One day, however, my daughter Cass gave this answer: “Neil Gaiman.” That was the one she finally stuck with into adulthood. It reflects her varied interests and creative pursuits. She saw a video of Neil advising aspiring writers to go live life, so Cass is on the go, working various jobs and having adventures. And writing. And hopefully meeting Neil at an upcoming event.
Cass is what Emilie Wapnick would call a multipotentialite – someone with varied interests and creative pursuits. Emilie recently gave a TED Talk on multipotentialities where she explained that “the problem wasn't that I didn't have any interests -- it's that I had too many.” She described anxiety of the question, what do you want to be when you grow up (oops - sorry kids!). However, she explains that this way of being doesn’t have to be a bad thing just because it doesn’t align with our current culture’s ideal of having one single true purpose.

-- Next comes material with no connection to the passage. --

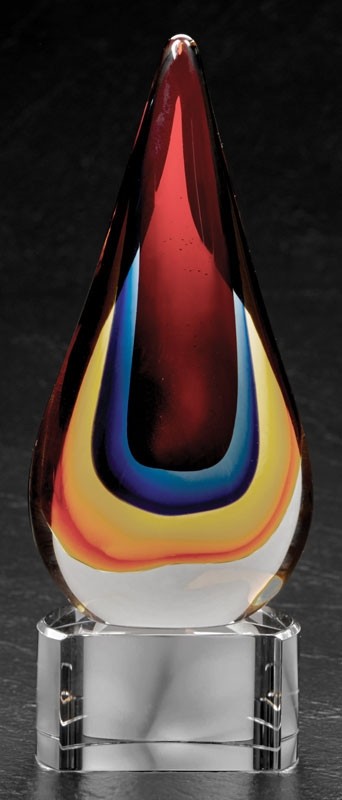 Etched red & yellow optic crystal flame award - 8” ht.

It might even be in line with a reality that’s been around since the Baby Boomers who, per the USBLS, have held on average over 11 jobs in their lifetimes. Now the number of careers – not just jobs, but careers – is reaching the same level in our dynamic society. I know of people who have stayed in the same career so long that they found themselves among the long-term unemployed because their field of expertise or way of doing things disappeared. Brian Fippinger of Q4 Consulting echoes this observation, and offers some great advice in his article The Job of a Lifetime No Longer Lasts a Lifetime
Being curious, exploring new pathways, and building a diverse resume can be a strategy for our modern world. And when you ask them that question – as many of you will – use it as an opportunity to also discuss how life is really an adventure with lots of bends and forks in the road.